From the line containing "DETEKSI KELUARGA LEWAT MOBILE GPS" down to the final entry below, restate each line word for word.
===== Data provided =====
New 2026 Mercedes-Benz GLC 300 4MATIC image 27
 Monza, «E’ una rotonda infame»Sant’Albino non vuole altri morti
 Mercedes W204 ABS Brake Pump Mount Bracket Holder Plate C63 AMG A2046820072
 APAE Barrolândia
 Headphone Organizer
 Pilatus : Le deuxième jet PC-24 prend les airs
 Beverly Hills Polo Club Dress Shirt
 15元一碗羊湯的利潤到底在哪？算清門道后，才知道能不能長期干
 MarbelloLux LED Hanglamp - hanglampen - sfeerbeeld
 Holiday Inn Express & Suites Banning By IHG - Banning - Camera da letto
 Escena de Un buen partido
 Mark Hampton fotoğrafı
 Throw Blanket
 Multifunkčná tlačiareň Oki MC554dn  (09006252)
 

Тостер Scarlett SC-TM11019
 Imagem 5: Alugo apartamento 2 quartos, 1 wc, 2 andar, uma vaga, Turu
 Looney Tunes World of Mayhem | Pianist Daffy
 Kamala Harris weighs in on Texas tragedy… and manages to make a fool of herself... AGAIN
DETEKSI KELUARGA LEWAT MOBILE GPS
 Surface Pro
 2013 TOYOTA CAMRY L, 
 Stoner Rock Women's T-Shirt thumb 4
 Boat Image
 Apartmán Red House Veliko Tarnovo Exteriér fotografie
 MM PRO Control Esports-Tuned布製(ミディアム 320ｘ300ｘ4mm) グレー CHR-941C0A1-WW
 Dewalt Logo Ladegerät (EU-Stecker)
=====
Result for this task:
DETEKSI KELUARGA LEWAT MOBILE GPS
 Surface Pro
 2013 TOYOTA CAMRY L, 
 Stoner Rock Women's T-Shirt thumb 4
 Boat Image
 Apartmán Red House Veliko Tarnovo Exteriér fotografie
 MM PRO Control Esports-Tuned布製(ミディアム 320ｘ300ｘ4mm) グレー CHR-941C0A1-WW
 Dewalt Logo Ladegerät (EU-Stecker)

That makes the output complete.